Wednesday, December 28, 2005

Do you know what he sees?


He doesn’t like brown and yellow colors. He doesn’t like to be touched or hugged. He just can’t understand people. He likes dogs and Sherlock Holmes novels. He can play the minesweeper expert version in 99 seconds. He is gifted with an amazing logical thinking. He knows every prime number upto 7057.
This is the latest novel that I read. It's one of the masterpieces that gives you a totally new viewpoint of things, shows you how things look from the other side. The side which you never thought about often.
But here are some lines form Mark Haddon’s “the curious incident of the dog in the night-time” - it’s in the form of a ‘murder mystery novel’ penned by Christopher John Francis Boone. World from the eyes of an autistic teenage boy.

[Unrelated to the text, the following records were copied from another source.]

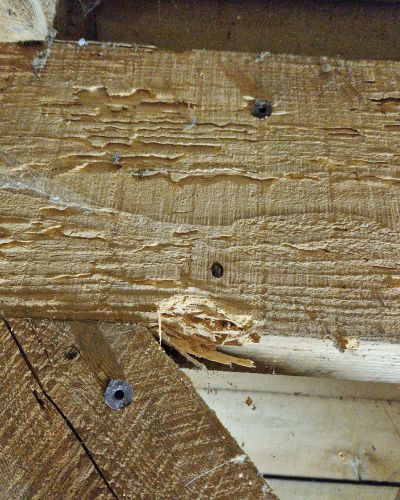 Renov15 traitement charpentes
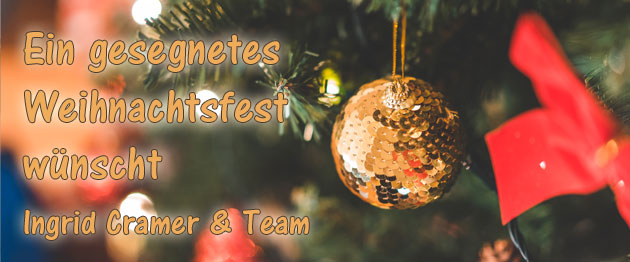 Frohe Weihnachten wünscht Mode mit Stil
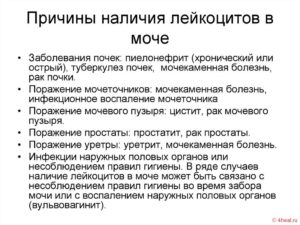 Лейкоциты в моче повышены причины у ребенка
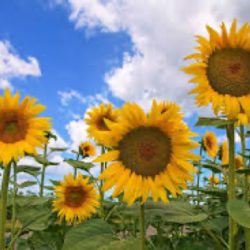 girasoli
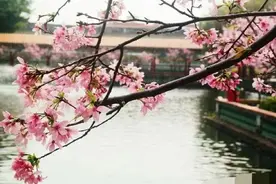 七律·春色迷人醉图片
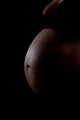 DPP_4560-19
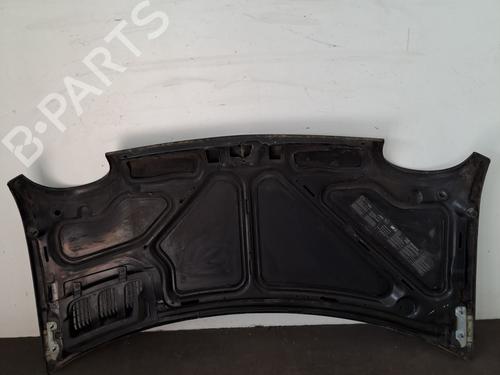 Hood RENAULT TWINGO I (C06_) 1.2 (C066, C068) | BP29513652C1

“Prime numbers are what is left when you have taken all the patterns away. I think prime numbers are like life. They are very logical but you could never work out the rules, even if you spent all your time thinking about them”

“The word metaphor means carrying something from one place to another, and it comes from Greek words µετα (which means from one place to another) and Φερειν (which means to carry), and it is when you describe something by using a word for something that it isn’t. This means the word metaphor is a metaphor.
I think it should be called a lie because a pig is not like a day and people do not have skeletons in their cupboards. And when I try and make a picture of the phrase in my head it just confuses me because imagining an apple in someone’s eye doesn’t have anything to do with liking someone a lot and it makes you forget what the person was talking about.”

“I do not tell lies. Mother used to say that this was because I was a good person. But this is not because I am a good person. It is because I cannot tell lies.”
“A lie is when you say something happened which didn’t happen. But there is only ever one thing which happened at a particular time and a particular place. And there are an infinite number of things that didn’t happen at that time and that place. And if I think about something which didn’t happen I start thinking about all the other things which didn’t happen.”

The way in which the people around the boy have adjusted to his ways is endearing. How everything in the parents’ life revolve around him, his likes, his way of telling them “I love you” and so on complement the simple and at times funny narrative.
You can listen to an extract here. But as always only reading the book would do it complete justice.